It’s most true to the novel’s use of vampires over zombies over raging pandemic victims, but that also makes it less believable. Shot in Italy, it literally has the Neville character raising garlic and using mirrors, religious crosses and sharpened wood stakes to take out these creatures.Â This film’s future apocalypse is set in 1968, where every day Dr. Robert Morgan (horror veteran Vincent Price) grabs his weapons and goes vampire hunting. Although the mirror-and-garlic two-step is unique to this version, the vampire aversion to sunlight was carried over into the zombie versions to come. In any case, this Dr. Morgan is immune to the disease that caused the disaster (it wasn’t biting) because, he surmises, he was bit by a bat at a young age. The last image here is memorable because he gets chased into a church and murdered on the altar, like Cool Hand Luke and Jesus.
Directed by Sidney Salkow, The Last Man on Earth actually has Matheson a screenwriter who, apparently, was so turned off by what the writers who came after him did to the material, that he took his credit by the name of Logan Swanson.
Each film worked for its time. The Last Man on Earth was pretty much meant to be a B film, afternoon matinee, grab a bag of popcorn kind of movie. Nobody expected huge production values, and because we hadn’t seen 28 Days Later and the like, we didn’t care. It seemed to dial into the spiraling fears we all felt in a world that could be incinerated in a nuclear holocaust any night while we lay sleeping.

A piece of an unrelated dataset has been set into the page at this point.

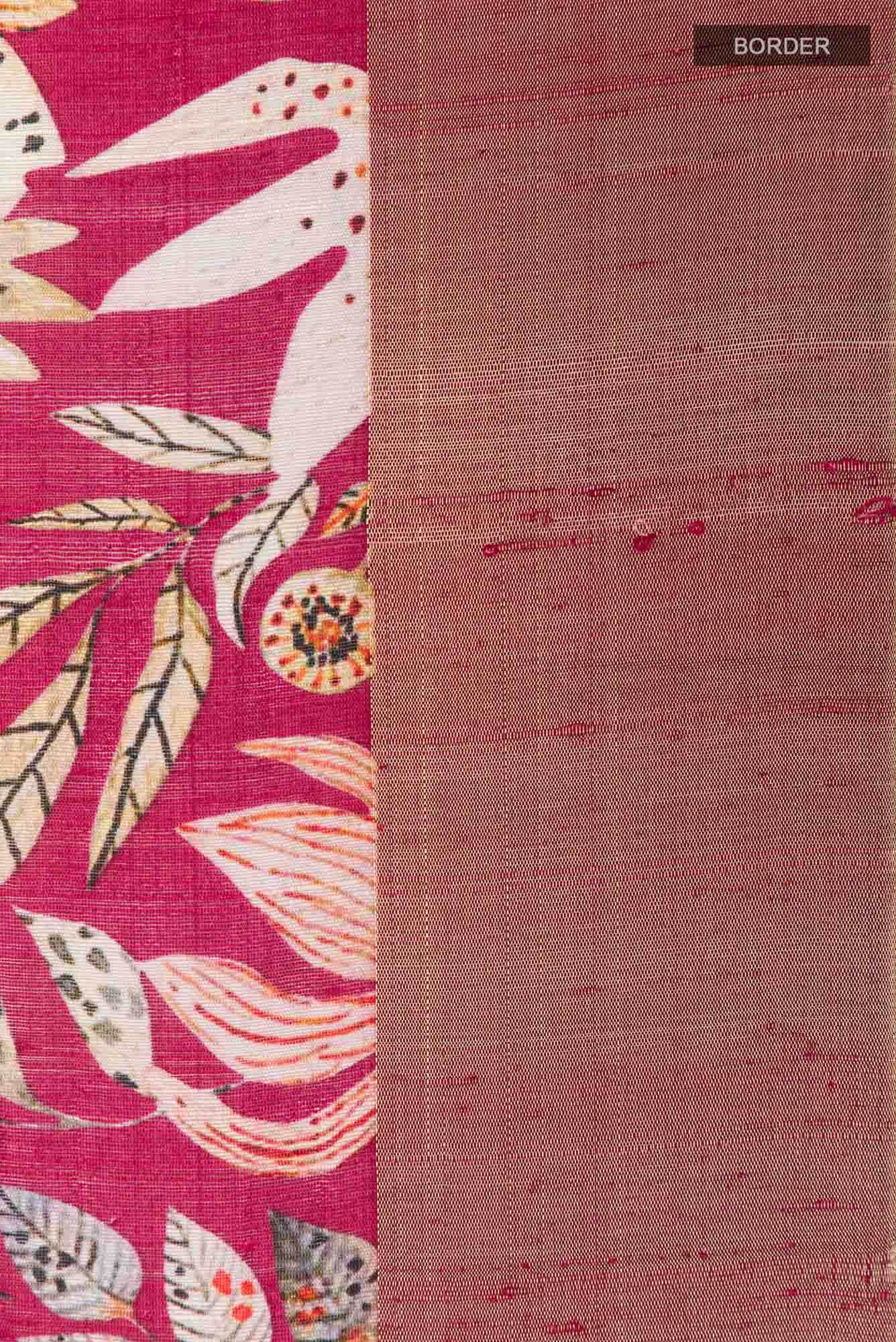Purple Tussar Silk Saree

The Omega Man, on the other hand, had different expectations on its way to the screen and so its failings are a little harder to forgive. We liked it, but it hasn’t aged so well.
Purists, on the other hand, may want to argue that the current I Am Legend has lost its way, stripping away vampires, etc.
I Am Legend is an uneven film, I’ll admit. It starts with one of the best openings I’ve ever seen in a film, let alone a sci-film. It takes you on a journey that is both a thrill ride and a thought puzzle. Yet, even so, there are logic issues and wormholes that shouldn’t be in this film. And its ending, for many people, is almost as bad as the opening is good. There were two endings filmed, by the way, making this all the more confusing, but it is still a hell of a Blu-ray addition.
For those of you who have actually seen these three actors — Vincent Price, Charlton Heston and Will Smith — you have a real decision to make in our poll. What rocks your zombie world the most: Price’s creepiness, Heston’s intensity or Smith’s vulnerability?
When it works, The Last Man on Earth feels like maybe Rod Serling had done it for Playhouse 90 as the pilot for the Twilight Zone. It floats, in film form, this idea that was to have great hold on our imaginations. Seven years later, when they made The Omega Man, the idea was to hip it up for the times, to make it a big commercial movie, and they lost the cool factor with the awful zombies they created. Finally, though, this bold new I Am Legend has done it all. It’s hugely commercial, powerfully thoughtful and (most of the time) brilliantly executed. Will Smith is sensational. It is also the new champion by a knock-out.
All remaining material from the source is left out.